Fernando se miró la punta de los pies. Calzaba cómodos zapatos moriscos, de tafilete, con un adorno dorado en el empeine. A Orbán le pareció que el rey cristiano tenía los pies desusadamente pequeños.

—¿Es cierto que has abandonado a los moros, tus señores, por salvar a una cautiva cristiana?

—Así es, señor.

—¿La amas? Quiero decir, como un hombre ama a una mujer.

Orbán asintió.

Fernando meditó nuevamente sobre los misterios de la vida. "He aquí un hombre que arriesga su vida por salvar a una mujer. Lo contempló con interés. Cada día mueren hombres en esta guerra abominable por causas menos nobles, por un sueldo, por una promesa de ganancias, por cuatro palmos de tierra en los que apacentar ovejas en la enfadosa vejez, para malvivir. Y este hombre que disfrutaba del privilegio de los moros, al que habían concedido honores y riquezas, expone su vida por una esclava, por amor".

—No gano nada con matarte— concluyó Fernando—, pero necesito una razón poderosa para mantenerte vivo. ¿Estarías dispuesto, a cambio de mi perdón, a trabajar para mí? Percibirías el mismo sueldo que mis herreros.

—¿Tengo otra opción, señor?

—No lo creo— repuso Fernando—. Eso o la muerte.

—Trabajaré para ti, señor.

—Si trabajas honradamente, te recompensaré— advirtió—. Si no quedo satisfecho, te haré degollar.

El rey agitó una campanilla de plata. Al instante apareció Alonso de Perales, el armador de las tiendas reales.

—El herrero búlgaro es ahora mi criado. Quítale los grilletes, dale ropa decente y llévalo con Francisco Ramírez de Madrid para que le asigne tienda y tarea.

Alonso de Perales era un hombre de pocas palabras. Llevó a Orbán a las tiendas de la intendencia y le entregó tres camisas, dos calzas, un buen jubón de cuero y varias mantas, todo usado. Una vez ataviado con ropas castellanas, lo condujo hasta el cerro de san Cristóbal, al otro lado del campamento.
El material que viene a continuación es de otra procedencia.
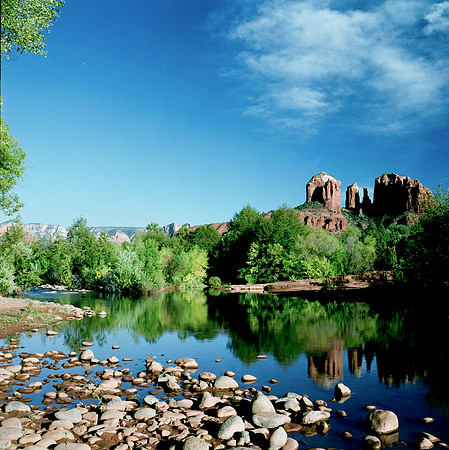 6137_COLOR_SQ_RED_ROCK_CROSSING_SEDONA_AZ_USA_05_7.jpg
Detrás de los terraplenes y manteletes los artilleros ociosos jugaban a los dados, dormitaban, cosían sus fatigadas ropas de campaña o aguzaban sus armas pasando por el filo una piedra negra que de vez en cuando remojaban en agua. Entre los artilleros reinaba una gran mezcolanza de atuendos, pues muchos eran extranjeros atraídos a la guerra de Granada por las excelentes pagas y por las oportunidades de promoción. Algunos lo vieron pasar con extrañeza, creyéndolo moro a causa de la barba. Fernando había prohibido la presencia de buhoneros moros en el campamento cristiano, con mucha más razón en el lugar donde concentraba su artillería.